RFC: adding `__builtin_verbose_trap(string-literal)`

Summary

We propose adding a new Clang builtin, __builtin_verbose_trap(string-literal) , that makes the program stop execution abnormally and (potentially) shows a human-readable description of the reason for the termination when a debugger is attached or in a symbolicated crash log. The description message is stored in the debug info and has no impact on the binary size.

Motivation

For a tool that detects runtime bugs that can lead to a security vulnerability (e.g. an out-of-bounds access), it is desirable to stop execution as fast as possible when a runtime issue is detected. This makes using __builtin_trap a natural choice; however, this builtin doesn’t provide the best user experience because it does not contain any details about what exactly went wrong. Adding the ability to attach a descriptive message to a trap would significantly simplify debugging a crashing executable; this new builtin would be useful for the ongoing libc++ hardening and the C++ buffer hardening efforts.

Implementation

The challenge is encoding the message with minimal size overhead. From this perspective, storing the string literal inside the executable is suboptimal — that would increase the size of the binary with strings that would never actually be referenced at the runtime. Instead, we plan to store the messages in the debug info.

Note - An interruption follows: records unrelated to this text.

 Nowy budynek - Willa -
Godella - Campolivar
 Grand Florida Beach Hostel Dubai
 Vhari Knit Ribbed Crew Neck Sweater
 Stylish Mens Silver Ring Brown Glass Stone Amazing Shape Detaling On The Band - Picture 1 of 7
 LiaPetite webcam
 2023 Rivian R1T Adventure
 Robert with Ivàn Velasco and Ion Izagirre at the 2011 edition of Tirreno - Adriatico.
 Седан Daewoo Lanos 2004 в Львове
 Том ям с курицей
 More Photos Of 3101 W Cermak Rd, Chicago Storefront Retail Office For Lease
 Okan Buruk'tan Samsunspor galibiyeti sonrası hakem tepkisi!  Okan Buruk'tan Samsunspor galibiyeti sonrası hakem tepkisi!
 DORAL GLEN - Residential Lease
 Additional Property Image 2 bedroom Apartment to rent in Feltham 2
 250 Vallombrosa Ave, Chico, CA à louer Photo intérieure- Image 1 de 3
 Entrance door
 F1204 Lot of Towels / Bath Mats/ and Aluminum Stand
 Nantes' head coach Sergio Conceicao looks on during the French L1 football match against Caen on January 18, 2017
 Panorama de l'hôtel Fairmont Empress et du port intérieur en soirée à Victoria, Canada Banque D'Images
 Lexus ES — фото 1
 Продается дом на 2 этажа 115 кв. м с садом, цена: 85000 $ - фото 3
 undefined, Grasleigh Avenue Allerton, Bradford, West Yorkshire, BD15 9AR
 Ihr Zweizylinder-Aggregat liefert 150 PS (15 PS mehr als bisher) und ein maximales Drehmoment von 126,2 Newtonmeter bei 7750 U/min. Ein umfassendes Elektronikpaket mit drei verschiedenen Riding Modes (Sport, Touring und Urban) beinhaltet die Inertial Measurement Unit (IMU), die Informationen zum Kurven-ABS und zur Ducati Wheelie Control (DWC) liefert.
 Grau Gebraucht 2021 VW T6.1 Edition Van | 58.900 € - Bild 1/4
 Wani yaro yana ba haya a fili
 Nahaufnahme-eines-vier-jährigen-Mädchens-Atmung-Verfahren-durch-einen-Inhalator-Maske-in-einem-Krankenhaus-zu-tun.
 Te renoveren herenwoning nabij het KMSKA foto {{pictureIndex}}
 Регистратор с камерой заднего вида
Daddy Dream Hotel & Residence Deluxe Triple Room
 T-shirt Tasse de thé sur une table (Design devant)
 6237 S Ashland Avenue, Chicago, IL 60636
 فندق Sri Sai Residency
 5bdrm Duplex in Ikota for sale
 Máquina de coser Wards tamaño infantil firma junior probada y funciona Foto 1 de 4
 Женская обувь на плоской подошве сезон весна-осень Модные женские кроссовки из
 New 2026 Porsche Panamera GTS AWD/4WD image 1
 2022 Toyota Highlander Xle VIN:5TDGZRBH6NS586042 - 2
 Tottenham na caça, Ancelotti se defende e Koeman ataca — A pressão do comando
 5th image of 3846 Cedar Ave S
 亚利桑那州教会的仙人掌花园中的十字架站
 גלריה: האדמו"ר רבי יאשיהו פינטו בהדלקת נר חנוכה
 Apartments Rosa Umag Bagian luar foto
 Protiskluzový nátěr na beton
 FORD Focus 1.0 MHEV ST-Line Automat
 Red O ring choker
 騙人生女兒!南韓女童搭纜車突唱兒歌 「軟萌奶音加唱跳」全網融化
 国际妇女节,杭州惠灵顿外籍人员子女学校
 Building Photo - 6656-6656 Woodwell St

Specifically, the idea is to encode the message as the name of an artificial “synthesized” function; a call to __builtin_verbose_trap will be lowered to llvm.trap in the resulting LLVM IR, but the compiler will additionally emit debug metadata that represents an artificial inline frame whose name encodes the given string literal, prefixed by a “magic” prefix . A similar technique is being used by the Swift standard library for traps on, e.g., arithmetic overflow, as well as the -fbounds-safety effort; we would need to make sure that the infrastructure that adds the debug info supports different kinds of traps.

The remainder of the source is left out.